About Wendy

Da Ping Luo for Juilliard

I’ve been a dancer, choreographer, teacher, writer, editor, and always a dance addict.

Dancing  I performed with dozens of independent choreographers in NYC and was a member of the Trisha Brown Company in the 1970s. I kept dancing in my own work until about 2000. In the last decade I have performed with Vicky Shick, Stephanie Skura, and Yoshiko Chuma.

Choreographing  For 30 years I was always working on a new piece. My company, for which I made more than 40 works, performed at Lincoln Center Festival, Jacob’s Pillow, Danspace Project, the Joyce, and in cities in the U.S. and in Europe. A few repertory companies performed my pieces, and I made solos for two ballet luminaries: Peter Boal and Martine Van Hamel.

Teaching  Currently I teach dance history at The Juilliard School. From 1978 to 1984, I was a full-time instructor at Bennington College, where I taught technique, composition, improvisation, and an interdisciplinary course in performance criticism, plus tutorials upon request. I’ve also taught choreography, dance history, and contemporary dance issues at SUNY Purchase, Princeton, Rutgers, the Five College Dance Department, and NYU Tisch Dance. I have given workshops in dance journalism at Dance Theater Workshop, Gina Gibney Dance Center, and in Mexico, Russia, and China.

Writing  Since the 1970s, I’ve contributed reviews and features to publications like the Village Voice, The New York Times, Ballet Review, and David Zwirner Books. Starting in 2000, I’ve written hundreds of articles and internet postings for Dance Magazine. In 2013 I gathered some of my writings spanning 40 years into a book, Through the Eyes of a Dancer, published by Wesleyan University Press. My recent book is The Grand Union: Accidental Anarchists of Downtown Dance, 1970–1976. See My Books. My articles in the SoHo Weekly News in the 70s are collected as the Wendy Perron Papers in the Fales Special Collection of NYU Bobst Library.

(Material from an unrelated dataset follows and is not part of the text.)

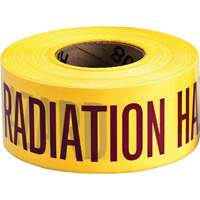 Barricade Tape, English, 3" W x 1000' L, 3 mils, Magenta on Yellow Auto Electric Service Ltd.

Historical Projects When I was on faculty at Bennington College, I initiated the Bennington College Judson Project to acquaint students with this experimental period. We had residencies at the College, an exhibit at NYU, reconstructions at Danspace Project, and a series of videotape interviews. Much of it is preserved at the Jerome Robbins Dance Division of the NY Public Library for the Performing Arts and served as seed information for MoMA’s 2018 exhibit on Judson Dance Theater. My recent history projects include the “Unsung Heroes of Dance History” series and my “Historical Essays,” both on this site.

Editing  I happily served as editor in chief of Dance Magazine from 2004 to 2013, and am now editor at large. In that capacity I hosted a series called “What Wendy’s Watching.” In 1997, I was guest editor for issue #14 of Movement Research Performance Journal that was a tribute Robert Dunn. I also edited the postings of Translucent Borders, a working group for the NYU Global Institute for Advanced Study.

Curating I’ve co-curated exhibits and performance programs, including Radical Bodies: Anna Halprin, Simone Forti and Yvonne Rainer in California and New York, 1955-72, a major exhibit and related events that originated at UC Santa Barbara and came to the NY Public Library for the Performing Arts in 2017, and Where Sculpture and Dance Meet: Minimalism 1961–1979. As associate director of Jacob’s Pillow in the early 90s, I curated a number of programs in the Duke Theater. In 1981, I curated a series of reconstructions of Judson Dance Theater, produced at Danspace by my project, the Bennington College Judson Project.

Adjudicating I’ve served on panels including the National Endowment for the Arts and other funding organizations. I have also been adjudicator for American College Dance Association, Youth America Grand Prix, New York Live Arts, and Milwaukee Ballet. I’ve been artistic advisor to the Fall for Dance Festival and served on the Bessies Committee.

Discussion panels I’ve enjoyed moderating discussion panels with artists at venues like New York City Center, Brooklyn Academy of Music, The Joyce, Works & Process at the Guggenheim, and Peak Performances in Montclair, NJ.